04 November, 2005 16:55  
Blogger funny thing chimed in with...

I'm with dave. Sounds like you accidently went into the other town... you know, the one you've been warned about.

Pissed off any toothless old ladies with a weird gaze, recently?

04 November, 2005 18:08  
Blogger Kellycat chimed in with...

Sorry, but unfortunately for SG and I, that's not the other town, it's actually our town.

04 November, 2005 18:18  
Blogger garfer chimed in with...

Sounds like an average high street to me. Get yourself a tazer like the rest of us. You're gonna need it when they come for you.

04 November, 2005 21:09  
Blogger surly girl chimed in with...

if i thought i could get my hands on an untraceable tazer i would even now be marauding up and down the streets of thistown sparking fuckwits left right and centre. rich pickings indeed on a friday night.....and in the middle of fireworks crowds tomorrow it would be nothing short of hilarious....

04 November, 2005 22:51  
Blogger LC chimed in with...

Heh - ballgown woman reminds of a young couple I saw wandering around Southampton some months ago on a busy Saturday afternoon.

Her: Dressed entirely in traditional Japanese Geisha outfit, including the proper hairstyle (although no make-up, sadly).

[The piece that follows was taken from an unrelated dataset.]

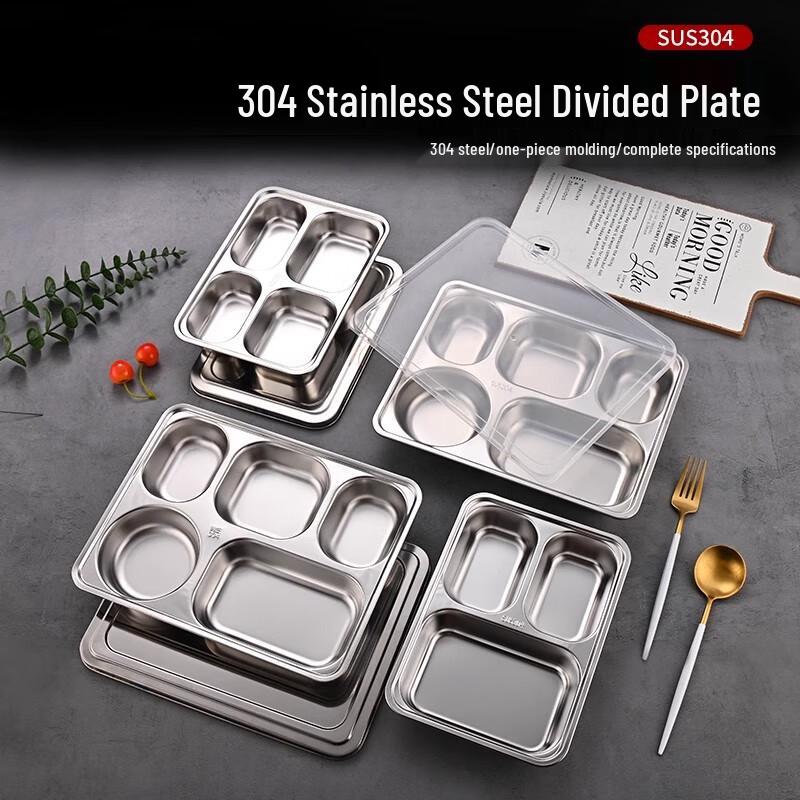 304 Stainless Steel Divided Canteen Lunch Tray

Also wearing a look of grim detirmination wich said: "This his how I want to dress, and I just fucking dare you to say anything about it!"

Him: Typical pasty chav in a baseball cap and football shirt, shuffling behind her with a combination of resigned embarrassment and sheer terror in case they bump into his mates.

05 November, 2005 09:29  
Blogger Sniffy chimed in with...

Was going to say the last one was a description of me, but you'd never see me dead in Superdrug!

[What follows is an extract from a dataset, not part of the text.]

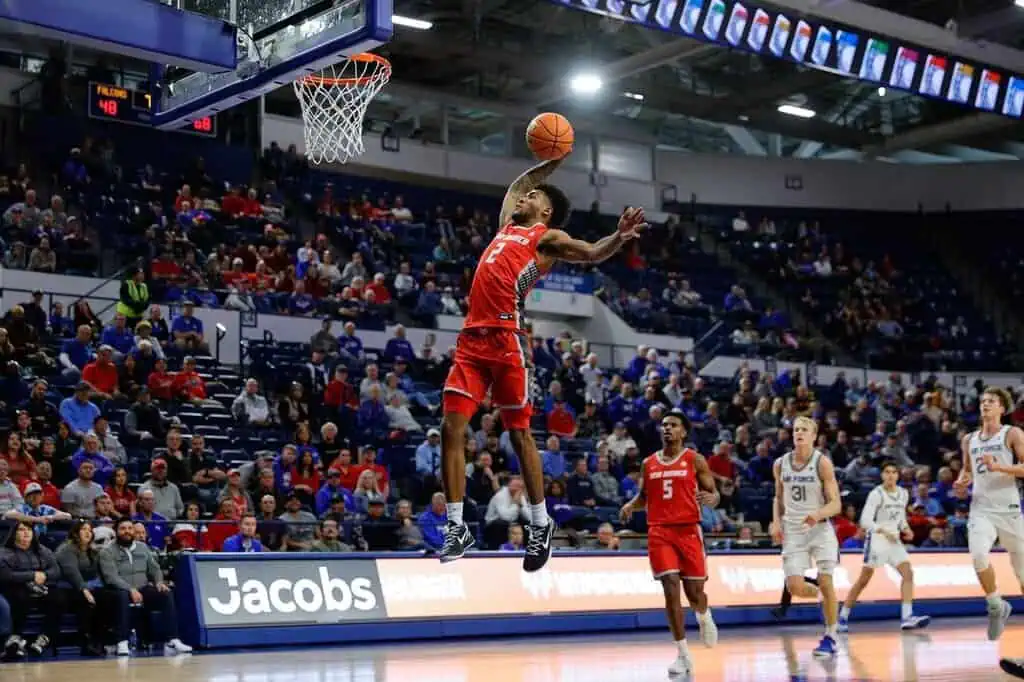 College basketball matchup between the New Mexico Lobos and Boise State Broncos with expert pick and prediction for January 31st 2024.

I'm sure there's a cons-piracy at shopping centres whereby it's all perfectly normal and civil until the Mysterious They see you coming on their CCTVs and let all the mongs out to stand in your way, push you around and generally make your life a misery.

05 November, 2005 11:14  
Blogger GreatSheElephant chimed in with...

Dave, it's not a zombie movie, it's East Anglia. but you should know that

05 November, 2005 11:24  
Blogger Who is this Dave? chimed in with...

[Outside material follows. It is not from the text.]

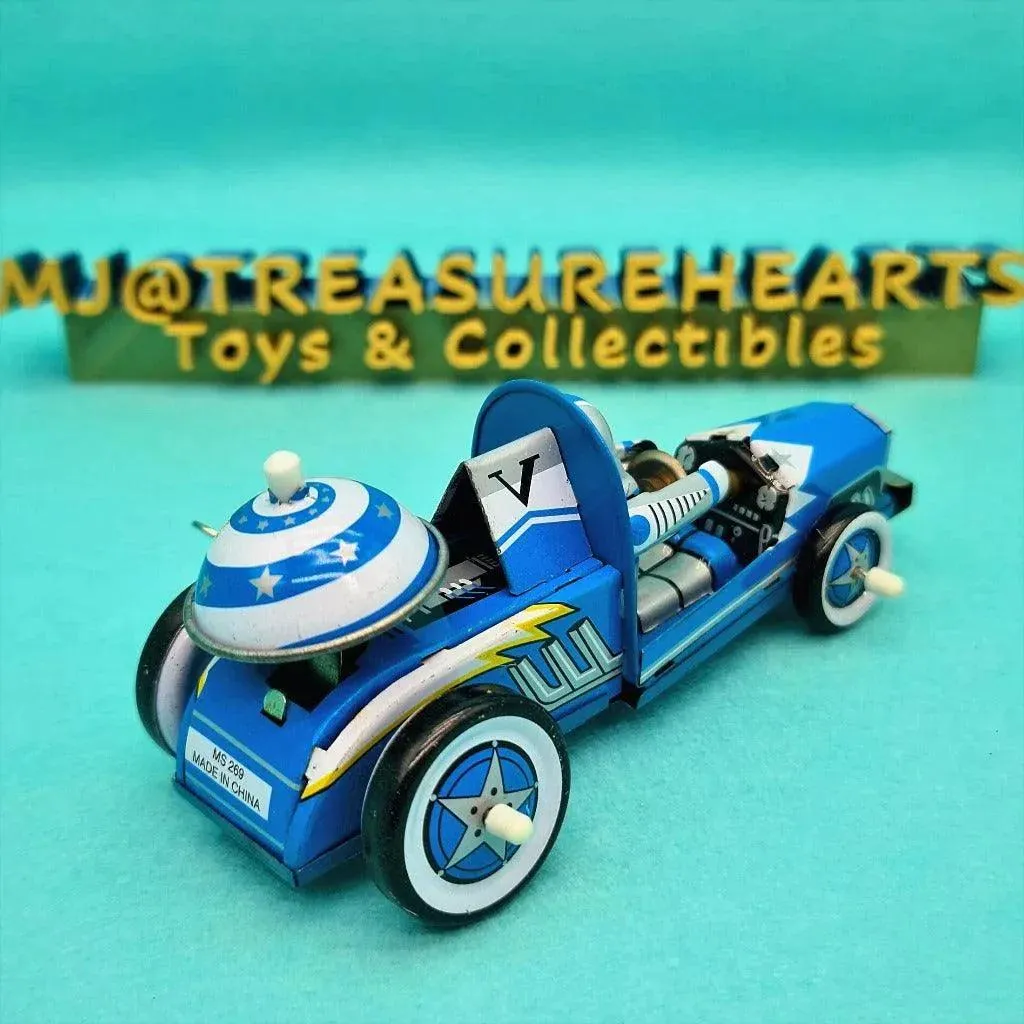 Vintage Blue RACER Wind-Up Tin Toy MS 269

Which is why I always walk around with a cricket bat at the ready.

05 November, 2005 18:13  
Blogger mig bardsley chimed in with...

Aah. Well yesterday afternoon in Newbury, various zombies and zanies and orange garbed chuggers, saw a plump, untidy, middle aged woman, wearing an ill-assorted outfit in shades of blue, grey and green, wandering zig zag wise along the street, narrowly missing lamp posts and muttering crossly at a shopping list …occasionally stopping suddenly without indicating, causing the (pink) bag on her shoulder to knock old ladies aside. Then I caught sight of her in a shop window and she went a bit pink and fled….

06 November, 2005 01:37  
Blogger theclamwhisperer chimed in with...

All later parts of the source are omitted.